If you stake 20 percent of the Ethereum market cap, you have a 20 percent chance of creating a block and receiving the transaction fees contained in a block, if you stake .005 percent you have a .005 percent of creating the block and receiving the transaction fees contained in a block.
With that being said, is a PoS system really any different from a PoW system in terms of economic structure? In a PoW system individuals who can afford to spend more on computing power (the rich) are able to mine more resources (Bitcoin) then those who cannot afford to purchase as much computing power (the poor). It seems like either way, PoS or PoW, the rich get richer while increasing the distance between themselves and the less wealthy with each new block created.
Serenity
The PoS system will be in full swing by the time Ethereum upgrades to Serenity, the final milestone in Ethereum’s roadmap. At the Serenity phase, Ethereum will be a Blockchain business with a built-in turing-complete programming language that can be used by other developers, companies, and entities to create contracts, applications, and systems. In a presentation in 2017, Ethereum developer Hudson Jameson discussed Ethereum’s roadmap. Although Hudson did not give an estimate of when Serenity would be released, he did say that when Serenity is released “this is going to be when you know the really big stuff hits”.
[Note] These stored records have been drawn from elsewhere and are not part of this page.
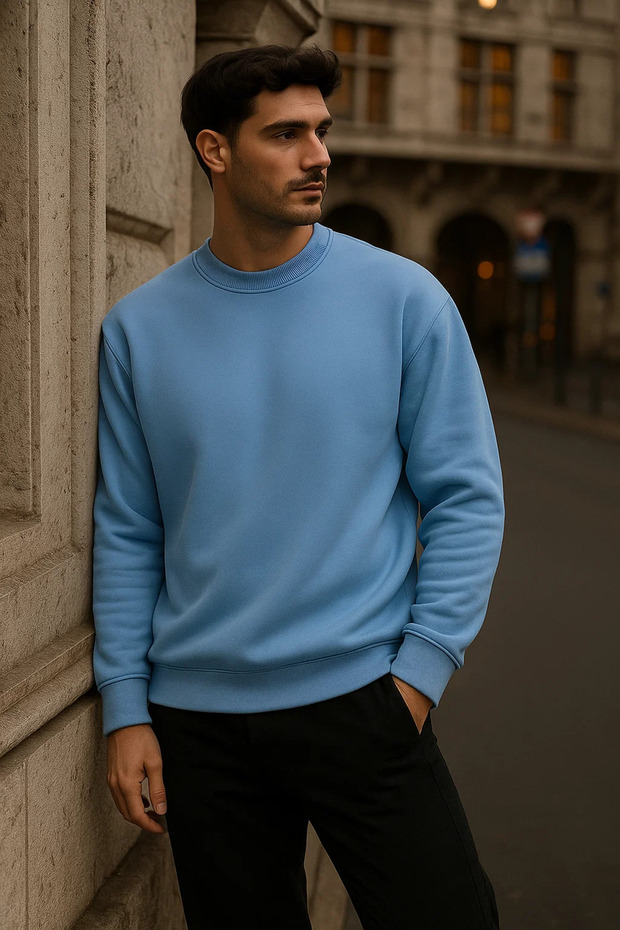 Erkek Oversize Kışlık Bebe Mavi Uzun Kazak - 6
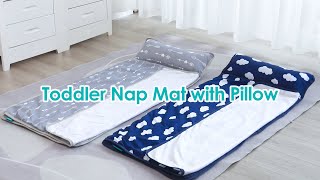 Biloban Toddler Nap Mat with Pillow and Blanket, Lightweight Kids Nap Mats for Preschool Daycare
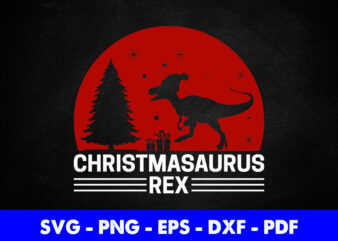 Vintage Christmasaurus svg Printable Files.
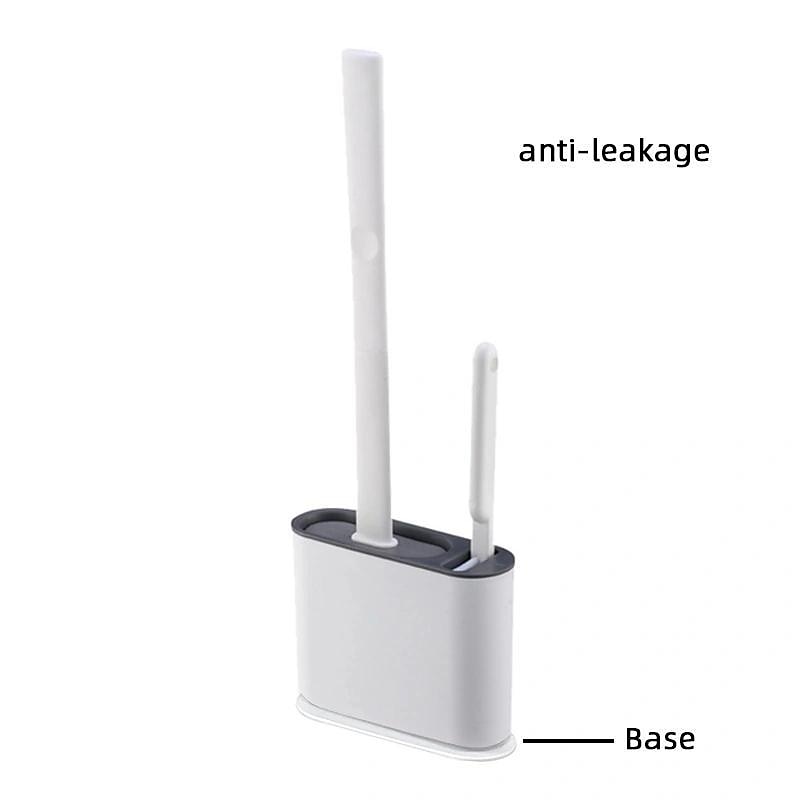 escova de banheiro de silicone e suporte com gancho pegajoso, escova de banheiro para pendurar na parede, escova de cerdas macias de silicone, ferramenta de limpeza do chão do banheiro de 2025 por $8.99 –P7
Ethereum is one of the Blockchain networks that more closely resembles a business than a lot of the other Blockchain networks and Blockchain-related companies offering digital assets. Ethereum’s four phase roadmap and white paper make it very clear what the company intends to accomplish. Ethereum white paper reads:
“What Ethereum intends to provide is a Blockchain with a built-in fully fledged Turing-complete programming language that can be used to create “contracts” that can be used to encode arbitrary state transition functions, allowing users to create any of the systems described above, as well as many others that we have not yet imagined, simply by writing up the logic in a few lines of code.”
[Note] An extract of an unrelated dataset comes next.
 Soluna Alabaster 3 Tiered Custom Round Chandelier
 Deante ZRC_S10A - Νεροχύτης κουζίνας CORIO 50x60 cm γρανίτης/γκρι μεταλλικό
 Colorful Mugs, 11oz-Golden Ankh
In other words, Ethereum’s goal is to provide a service that allows other Blockchain related companies to create whatever sort of application, product or system that they desire through programming. It is kind of wild to think that the value of a entity that is not even 75 percent toward its roadmap destination was valued at $1,430.81 on January 13, 2018. But with that being said, Hudson’s comment on Serenity starts to make a lot of sense.